* The support vectors are the points nearest to the decision boundary
* If $m^+$ and $m^-$ are maximized, then there should be at least one vector from each class
---
## Solving SVMs
* Maximize $-\frac{1}{2}\sum_{i=1}^n\sum_{j=1}^n\alpha_i \alpha_j y_i y_j x^T_i x_j + \sum_{i=1}^n\alpha_i$
* $\sum_{i=1}^N\alpha_i y_i = 0$
* $0 \leq \alpha_i \forall i \in N$
* Looks scary, but it isn't so bad
* For a computer at least, when we're dealing with large datasets
---
## Non-Separable Data
* But what about non-separable data?
* We add a "soft margin"
* This allows our solution to be somewhat wrong
* We'll call the parameter C, for complexity
* C governs how large $\alpha$ can be for any support vector
---
## Complexity
* Without C, two linearly inseparable points would be sampled infinitely
* Like a non-converging perceptron
* With large C, a single point can serve as the sole support vector for a class
* If the data is linearly separable
* With small C, we force more points to be support vectors
* *Every* point becomes a support vector if C is small enough
---
## C and $\alpha$
* The $\alpha_i$ value in relation to C informs us about $x_i$
* If $\alpha_i = 0$ then the point is ignored (no error)

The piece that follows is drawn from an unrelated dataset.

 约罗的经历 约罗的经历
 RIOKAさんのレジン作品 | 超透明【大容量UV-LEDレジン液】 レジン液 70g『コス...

* If $0 \leq \alpha_i \lt C$ then $\xi_i = 0$ and the point is on the margin
* If $\alpha = C$ then this point is on or inside of the margin, and may be misclassified
---
## Kernels
* We saw a few
* Dot product, a simple linear kernel
* Polynomial kernel
* Radial basis function kernel
---
## SVM - Linear Kernel
$\mathcal{k}=x^Tx$